Fortunately Orlova broke her vow. In 1934 director Boris Yurtsev invited her to take a part in his movie and she accepted. Other film roles followed but they did not bring her the same success as her theater career. Her real cinema breakthrough came after the movie ‘Jolly Fellows’ was released, produced by Grigory Aleksandrov. During the filming her romance with Aleksandrov developed and soon after the filming ended they were married.
One movie after another directed by Aleksandrov with Orlova as the main star was released and every one of them became a hit including “Circus” and “Volga-Volga.” After a triumphant success Orlova was personally awarded by Stalin, who particularly liked the talented actress. He was a devoted fan, and especially liked the musical comedy “Volga-Volga” and knew all the funny scenes by heart.

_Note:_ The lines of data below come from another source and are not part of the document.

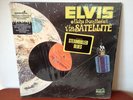 ELVIS PRESLEY Aloha from Hawaii via Satellite still in shrink rare Quad lp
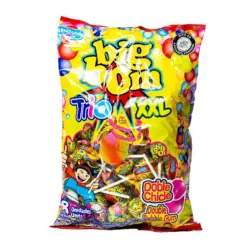 Paquete de Chupa Chupa 48u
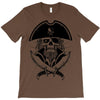skull with beard T-Shirt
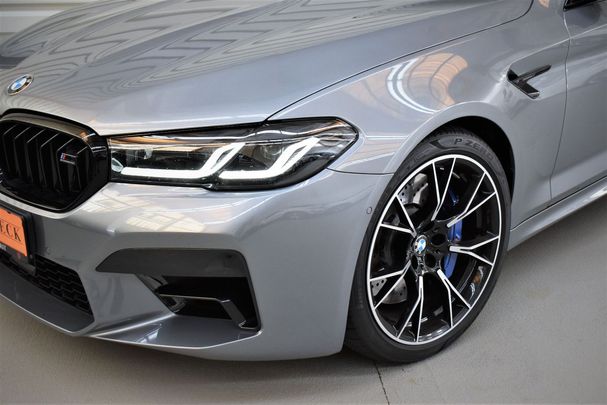 BMW M5 Competition M xDrive 460 kW image number 9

Throughout her career Orlova received titles given by Stalin for her cinematic works including ‘People’s Artist of the USSR’ in 1950.
Despite that she never had a kissing scene in any movie she was in, Orlova is sometimes referred to as a sex symbol of Soviet cinema. Compared to other movie stars in that period, Orlova’s look was thought by many to be very ‘Hollywood’; she was musical, beautiful with high cheekbones and an irresistible white smile, her height was 1m 58cm and she had a 43cm waist. Throughout her entire career, Orlova fought to stay looking beautiful and young on the screen. Over the years it turned into a nearly compulsive sickness. She always hid her true age. When in 1972 she was turning 70, she personally asked high officials that on no account should her age be revealed, and that is why not a single newspaper, magazine or television show mentioned her in that year. Orlova even had plastic surgeries and was probably the first Soviet actress to do so. From her trips overseas, she had brought back not only rare (for the time) shoes with transparent heels, but also special face and hand creams.
In the later stages of her life Orlova stopped taking movie roles but continued her remarkable acting career at the Mossovet Theater. But her health was declining and she ended up in hospital due to pains in her kidneys. Orlova thought she had kidney stones but the real diagnosis was much worse - doctors had discovered cancer. Aleksandrov asked them not to say anything to his wife telling them to “let her think she has stones.” Orlova died on 26 January 1975. In 1983 her husband made a documentary dedicated to her memory and died that same year. They are buried next to each other at the Novodevichy Cemetery in Moscow.